Short descriptive text snippets:
+===+
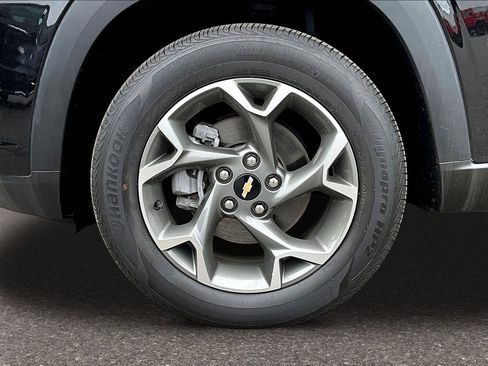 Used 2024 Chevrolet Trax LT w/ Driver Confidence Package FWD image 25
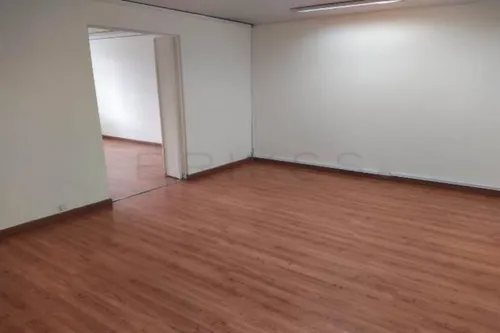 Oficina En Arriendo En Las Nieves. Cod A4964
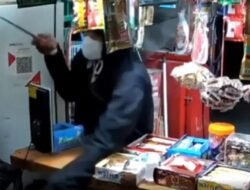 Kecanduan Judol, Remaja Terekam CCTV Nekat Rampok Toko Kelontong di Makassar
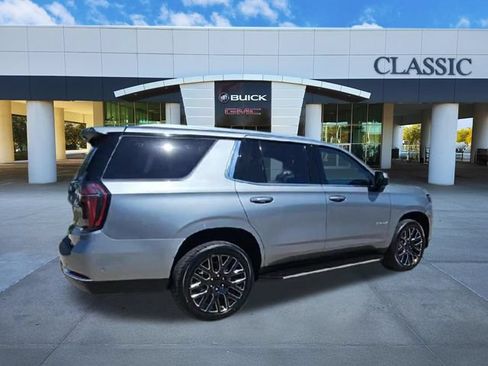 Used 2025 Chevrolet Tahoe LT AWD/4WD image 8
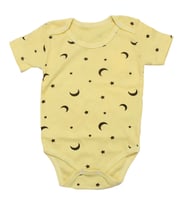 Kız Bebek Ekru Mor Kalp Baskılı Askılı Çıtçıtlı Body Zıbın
+===+
» Your task: All entries are to be duplicated exactly, with the pictures left out.

» Solution to this exercise:
 Used 2024 Chevrolet Trax LT w/ Driver Confidence Package FWD image 25
 Oficina En Arriendo En Las Nieves. Cod A4964
 Kecanduan Judol, Remaja Terekam CCTV Nekat Rampok Toko Kelontong di Makassar
 Used 2025 Chevrolet Tahoe LT AWD/4WD image 8
 Kız Bebek Ekru Mor Kalp Baskılı Askılı Çıtçıtlı Body Zıbın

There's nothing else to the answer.